BackStory: I want to ask about this idea of legacy and historical memory, and how that ties in with the individual. Gardener was obviously very aware of her legacy. In your book, you also explain how the Suffragists held their specific coalition and movement to stand for women’s suffrage overall.

Helen Hamilton Gardener, Carrie Chapman Catt and Maud Wood Park stand on a balcony over a banner that reads "National American Woman Suffrage Ass'n"

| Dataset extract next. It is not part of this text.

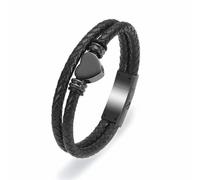 Heart Cremation for Ashes Stainless Steel Urn Memorial Jewelry Braided Leather Wristband Bangle Keepsake for Women Men-Black-20cm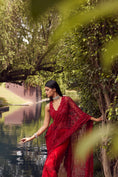 Load image into Gallery viewer, Red Embroidered Net Saree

Helen Hamilton Gardener, Carrie Chapman Catt and Maud Wood Park (from left to right) on the balcony of Suffrage House, the Washington headquarters of the National American Woman Suffrage Association

Hamlin: I have a lot of thoughts on that, and I’ve published some shorter pieces about it. Most recently, in a Washington Post op-ed called “The Problem With Women’s History Month in 2020,” I argue that the suffragists were in many ways the nation’s first historians of women.

They were the first to compile and write about the contributions of women because they thought it helped advance their claims for citizenship. And they were the first to assemble archives for women, because they realized the importance of documenting women’s contributions to American life, not just for history, but also for politics.

For example, in 1909 the National American Women’s Suffrage Association had a committee, and their charge was to investigate all the history and civics textbooks in America, to assess how women were represented. At the annual convention, the committee chair reported that history and civics textbooks basically tell the story that the world was made by, and for, men.

I would say that even though many tremendous gains have been made in history textbooks over the past several decades, that even though there’ve been generations of pioneering historians of women, our national narratives still are basically the story of old great white men. 

In 2017, the National Women’s History Museum conducted a comprehensive survey of all history textbooks to see how women were represented. They found that women are still sidebarred from the larger stories of American national life. 

We have a long way to go. Like the suffragists said, the stories we tell about our past shape what we think is possible in the present and in the future. It’s really important that we tell new stories and different stories about our past if we want to see change in the future.

BackStory: It’s interesting, as well as disheartening, how relevant Gardener and her beliefs are today.

Hamlin: I think Gardener is really a suffragist for the Me Too era, because her life, work and writing show so clearly the links between women’s political and bodily autonomy. So while Gardener didn’t advocate for birth control or anything – that would have been a little too radical even for her in her day – she wanted the world to recognize that women were “self-respecting human units with brains and bodies sacredly their own.”

That was really the core of her life’s mission. To see that there was a place for autonomous women who could make their own money, who could behave as they wanted to in private and in public, and participate equally in politics. I think a testament to that is, when Gardener died in 1925, she was the highest ranking woman in federal government and a national symbol of what it meant for women to be full citizens.

 

Headshot of author Kimberly A. Hamlin

A recipient of the NEH Public Scholar Award, Kimberly A. Hamlin teaches history and American studies at Miami University of Ohio and contributes to the Made by History series in the Washington Post. The author of From Eve to Evolution: Darwin, Science and Women’s Rights in Gilded Age America, she lives in Cincinnati.